However, the concept of 'right' and 'wrong' brands of populism is exactly the attitude which feeds its existence. In reality, it manifests on the right and left with equal prominence. The French presidential election showcases the distorted narrative.
With the first round of voting taking place in April, all eyes have turned to famed populist Marine Le Pen, head of the right-wing Front National party. This voyeuristic monomania has opened the door for Emmanuel Macron, an independent running with ‘En Marche!’, a progressive movement he founded just one year ago.
Macron, a former banker, has broken Le Pen's monopoly on the masses with his own populist rhetoric. The astronomical rise of ‘En Marche!’ is testament to his common touch and astute manipulation of public discontent.
As many leaders try to appeal to the masses, distinguishing populists from other politicians isn't always easy.
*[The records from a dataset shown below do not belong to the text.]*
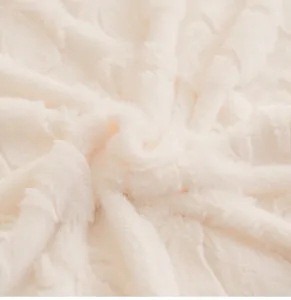 Close-up of plush rabbit faux fur sofa cover showing thick cream velvet texture and softness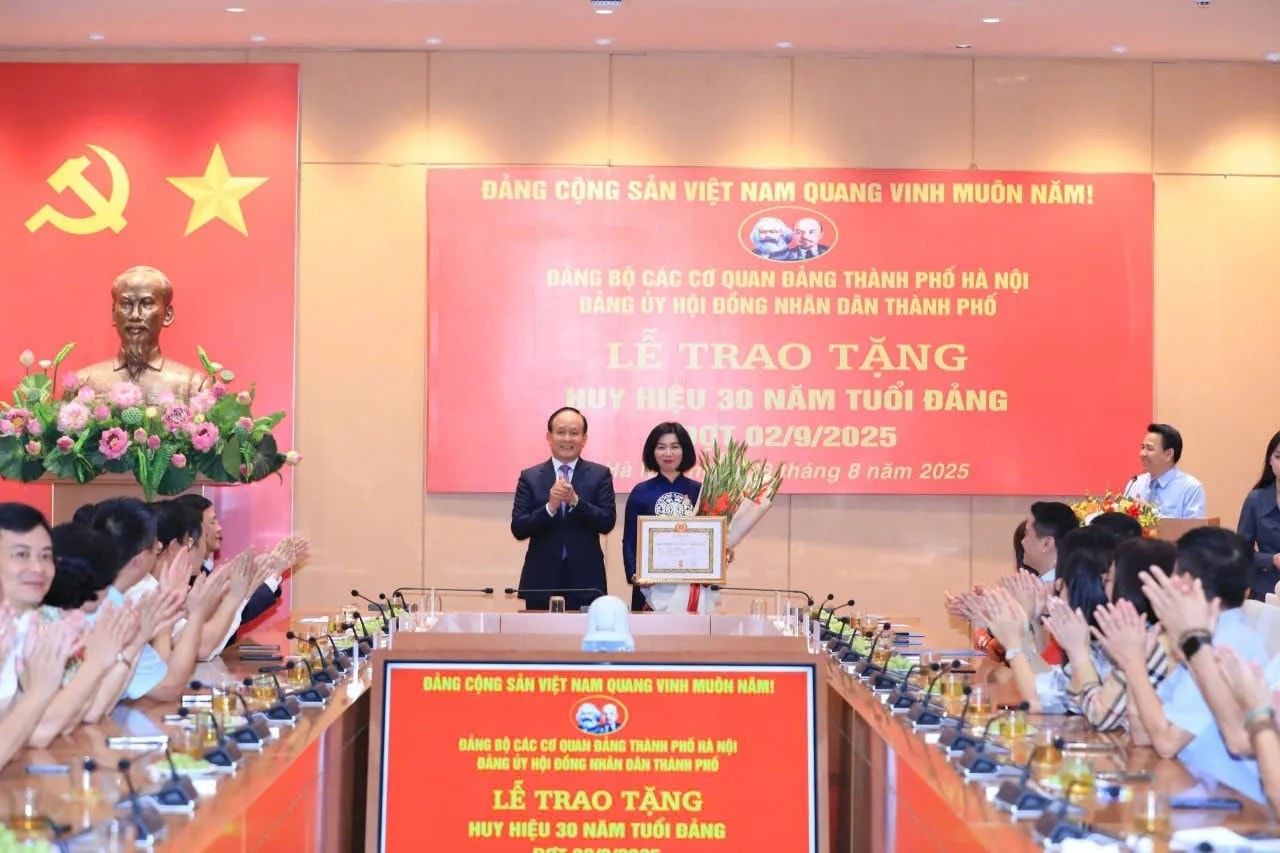 Đồng chí Nguyễn Ngọc Tuấn trao Huy hiệu, chúc mừng đồng chị Phùng Thị Hồng Hà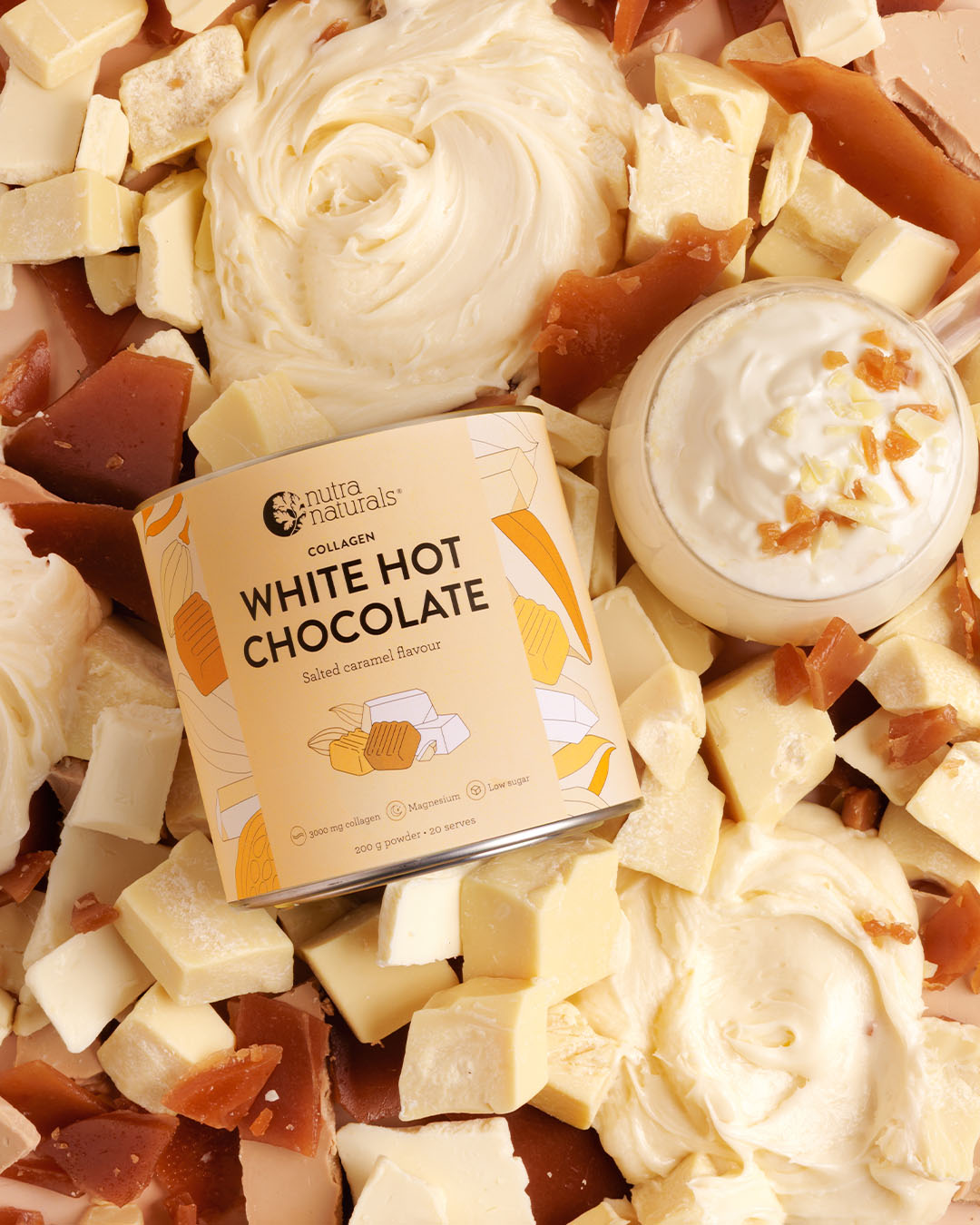 Can of white hot chocolate surrounded by white chocolate pieces and cream.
But look closely at some of the world's leading liberals, and there's a clear populist streak under the surface. Bernie Sanders, who vied with Hillary Clinton for the Democrats' presidential nomination, has railed against Wall Street, international trade deals and economic inequality. Labour leader Jeremy Corbyn has enjoyed the perpetual support of Momentum, a grassroots group of supporters. And Italian comedian and blogger Beppe Grillo helms Italy’s 5 Star Movement, an anti-establishment party.
Arguably the real losers in the Netherlands, and Europe more broadly, are the centrists. People on the right and the left are more polarised than ever, and both groups have grown increasingly frustrated with the status quo. Populism has a bright future on both sides of the divide.